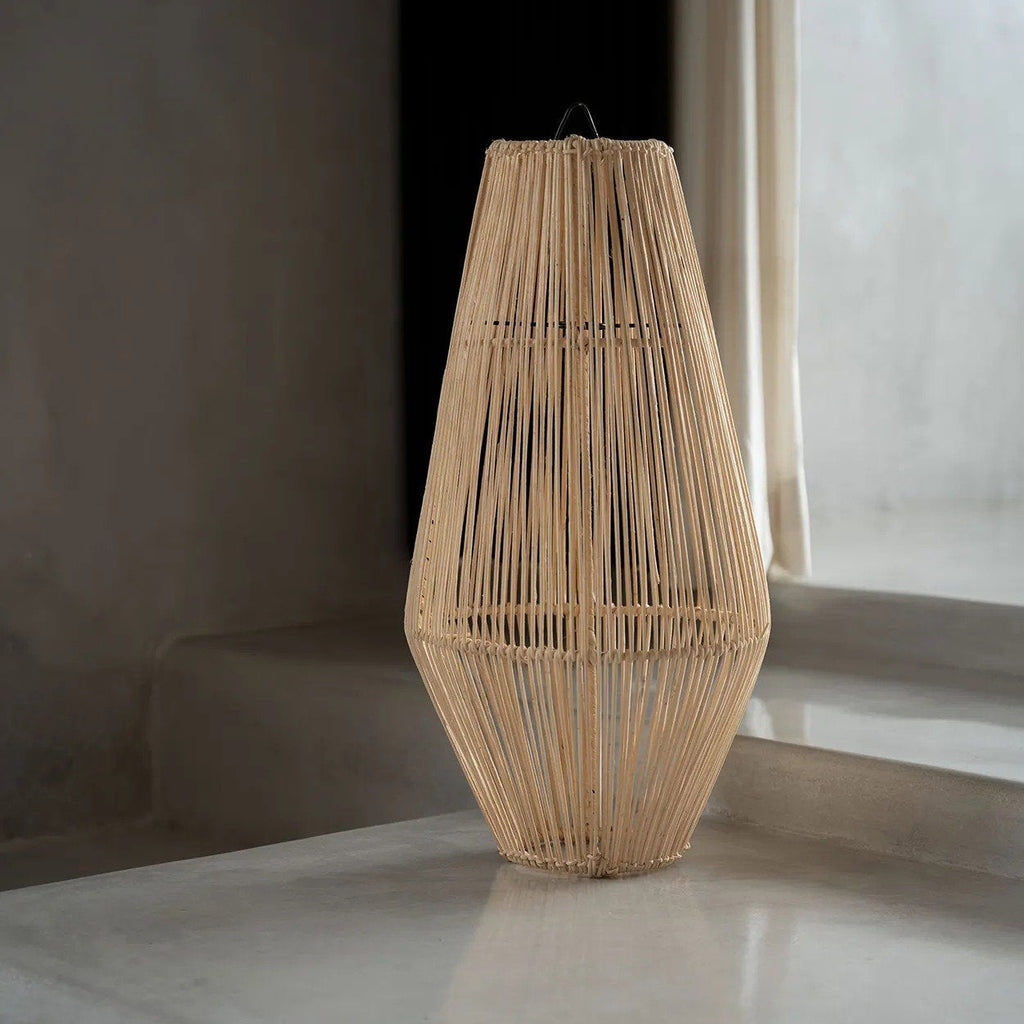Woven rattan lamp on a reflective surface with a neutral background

...

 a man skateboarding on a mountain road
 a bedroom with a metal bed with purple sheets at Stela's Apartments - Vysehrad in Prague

--

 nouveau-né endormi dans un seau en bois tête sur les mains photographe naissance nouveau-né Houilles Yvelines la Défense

> WORK INSTRUCTION
Using only the entries above, output the line with "a man skateboarding on a mountain road", the line with "a bedroom with", and all lines between them, exactly as they stand.

> ANSWER FOR THIS EXERCISE
 a man skateboarding on a mountain road
 a bedroom with a metal bed with purple sheets at Stela's Apartments - Vysehrad in Prague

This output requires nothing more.